Even as most of her classes are back in-person, she still depends on some of her out-of-the-box, virtual solutions she first adopted during the pandemic. For Dawson, her experience in online teaching simply reinforced the importance of keeping remote environments—be they virtual classrooms or offices—dynamic and interactive. 

Adjust for different learning—and working—styles

When transitioning to remote teaching, educators quickly realized that online environments can democratize communication in ways that in-person learning can’t. Things like interactive polls, surveys, and asynchronous tools let people engage on their own time and can act as a bolster for those who typically struggle in a live, participation-based setting. 

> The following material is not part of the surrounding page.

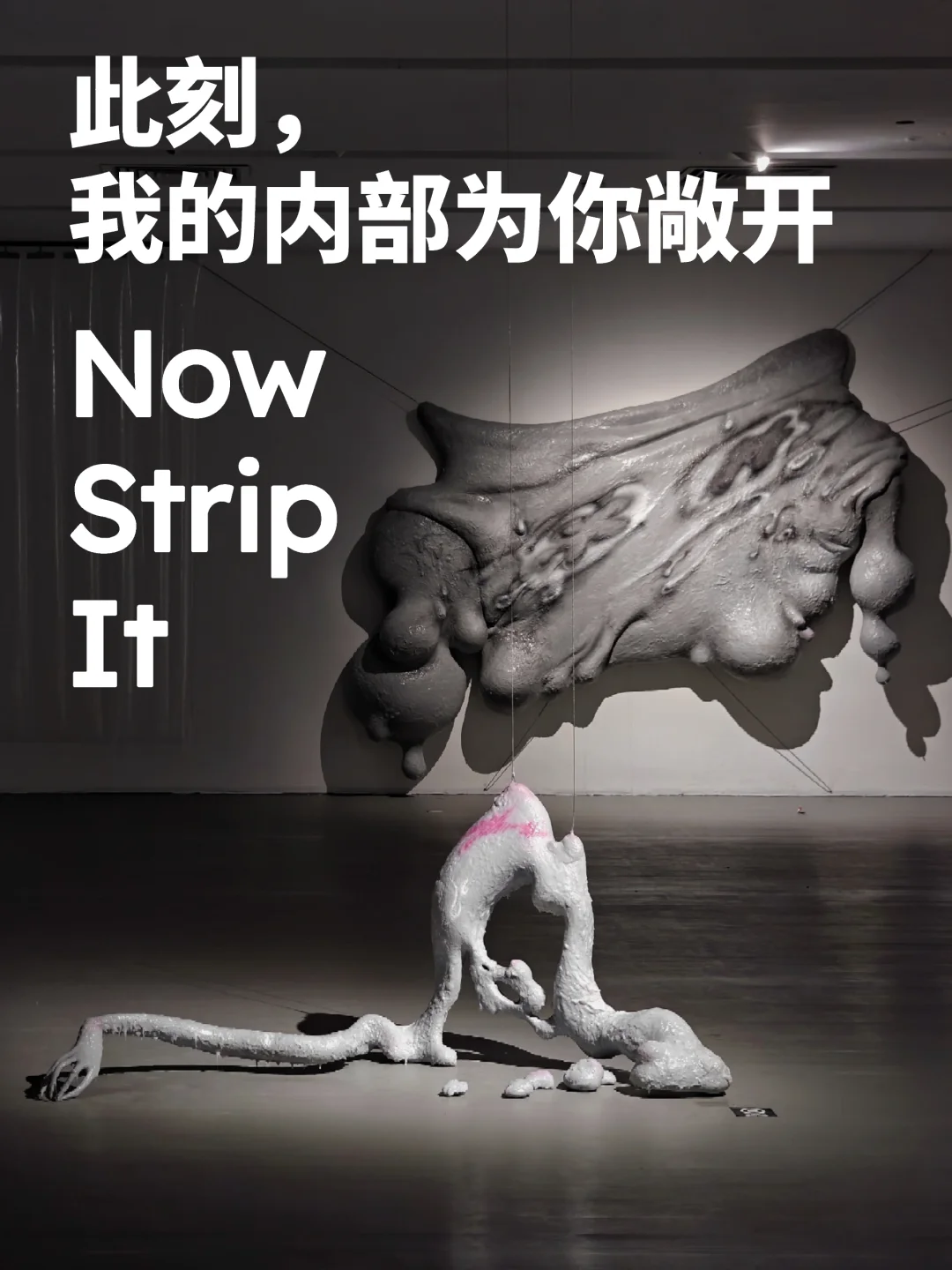 黄榜｜见证数码感与生物感的共存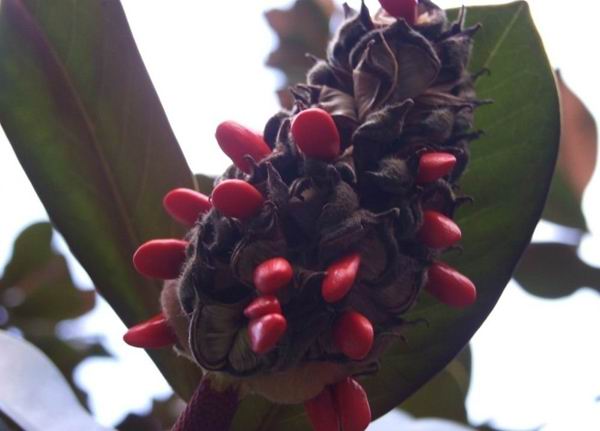 白玉兰清香浓郁,白玉兰花开沁人心脾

In this way, explains Nicol, online learning tools can provide the accessibility and inclusivity that in-person learning has historically lacked. She describes the opportunity online teachers have in the ability to provide information in a variety of ways, whether that’s using captions in live meetings or offering recordings of content. Nicol calls this a learner-centered approach, one that aims to prioritize everyone’s voice and give all students the opportunity to connect with the material. 

However, some aspects of remote environments can limit communication if left unchecked. Dawson noticed that while teaching online, many students chose to keep their cameras off for privacy reasons. This made it much more difficult to engage with each student. Rather than accept the situation as less-than-ideal, however, Dawson once again got creative. “I overcame this by keeping the class dynamic, eliciting responses constantly via the chat function, and doing a lot of interactive reading, writing, and speaking activities to ensure constant participation.” This way, even if a student was off-camera, they were still being engaged in other ways that required their attention and focus. 

...virtual environments give a voice to those who aren’t necessarily the first to raise their hand.

If the loudest in the room is most likely to be heard in an in-person setting, virtual environments give a voice to those who aren’t necessarily the first to raise their hand. The learner-centered approach Nicole described or the smart uses of chat functions Dawson implemented are just a few examples of a more thoughtful and inclusive culture for all kinds of remote settings. 

What’s next?

For most educators, the digital culture of online tools, dynamic lesson plans, and more accessible methods of communication are features they can’t see themselves reversing, even as some classes are taking on a hybrid approach or going back in-person full-time. “As a teacher, I would never go back to an environment that was devoid of technology use. And as a learner, I would not be satisfied with a bare-bones learning experience of content and discussion boards,” says Nicol. 

As most knowledge work continues to be done remotely in some way or the other, this no-going-back mentality online educators have adopted naturally raises the question of what’s next. New platforms for virtual lesson plans and digital communication have changed online learning in such a short span of time, how could emerging innovations like AI—which is already showing signs of influence in this space—alter and improve the ways we learn and work remotely in the future? 

If remote workers across all industries can learn anything from the the online learning space it’s that leaning into these technologies can enable our best work without stripping us of our real, human connections. “We spend a lot of our time online or interacting with the online world,” admits Nicol. “[But] I want people to see that the education space affords a lot of social, fun, playful options, too.”